Student teachers will develop knowledge based on the practical knowledge of the MILE-teachers. They also develop mathematical and pedagogical content knowledge based on their analyses of the students mathematical work, the teachers activities and the knowledge construction of the children. So, MILE serves as an environment in which the student teachers can build a common understanding of their developing sense of the nature of both the learning of mathematics by students and of mathematics teaching by teachers.
In the Netherlands student teachers of thirty-four teacher education colleges now use MILE. The first experiences show that discourse among the student teachers about the practical knowledge they acquire in MILE is essential. Up to now this discourse is limited to fellow student teachers from the same college. A European MILE will bring about an extra dimension. Student teachers will discuss mathematics education with students from different countries with different educational systems, different cultures and different teacher education programs. We assume that the discussion will therefore also cover many elements of mathematics teaching the students now take for granted.
Next spring, the Freudenthal Institute will host the European Meeting, hopefully sponsored by the European Committee. At this meeting the possibilities will be discussed of the development of a national learning environment in each of the participating countries and the possibilities of the development of a European network for joint investigations by students and educators from the different European countries
At this moment three European Colleges for Teacher Education and the Freudenthal Institute work together in a Digital European Teacher Education Network (DETEN). The three colleges are connected to the University of Northumbria (United Kingdom), the University of Oulu (Finland) and the Hogeschool of Drenthe (The Netherlands). DETEN promotes the design of a digital European school, in the form a video database of lessons in classrooms, conversations with children, teachers, parents, school teams and experts, pictures of student work, textbooks, manuals, et cetera. Especially DETEN promotes the development of the English and Finnish contribution to the digital European school and an adaptation of the Dutch learning environment for use in the participating teacher education institutes.

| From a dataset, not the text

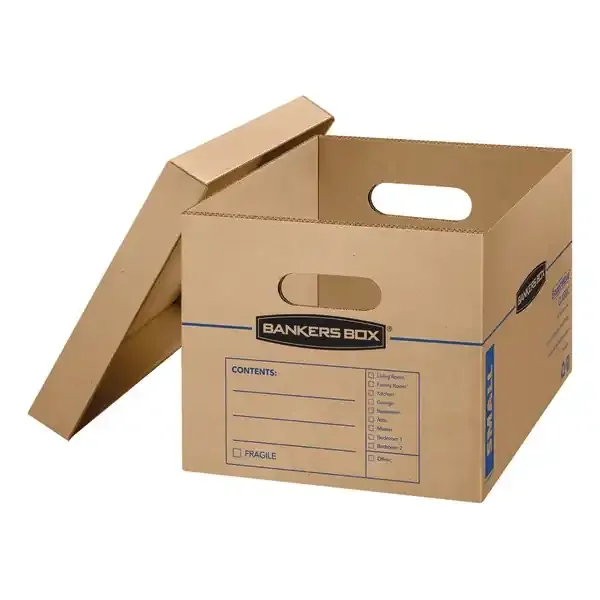 Bankers Box Smoothmove Classic Moving Boxes, 85% Recycled – Kraft/Blue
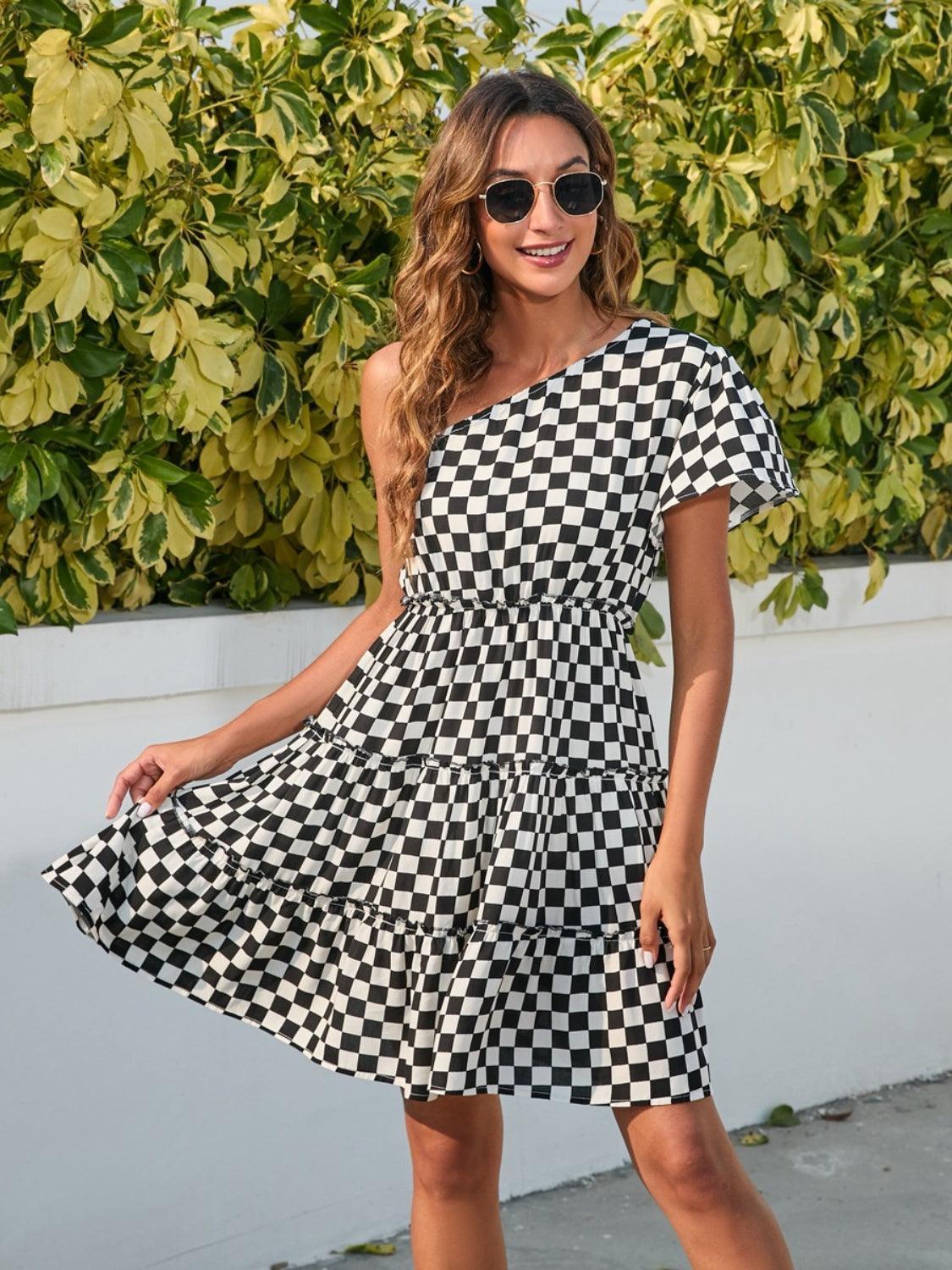 Checkered Single Shoulder Mini Dress - ClubOn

Dolk, M. W. Faes, F. Goffree, H. Hermsen & W. Oonk (1996), "A Multimedia Interactive Learning Environment for (Future) Primary School Teachers with Content for Primary mathematics Teachers Education Programs." Utrecht: Freudenthal Institute.
Goffree, F & W. Oonk (1998), "A Digital Representation of Full Practice in Teacher Education. The MILE Project." In K. Krainer and F. Goffree (eds), On Research in Teacher Education. From a study of teaching practices to issues in teacher education. Osnabrück: Forschungsinstitut für Mathematikdidaktik, pp. 187-200.
Goffree, F. & W. Oonk (1999), "When real teaching practice can be (digitally) represented in Colleges of Education: The MILE project." Paper presented at 1999 International Conference on Mathematics Teacher Education in Taipei, Taiwan.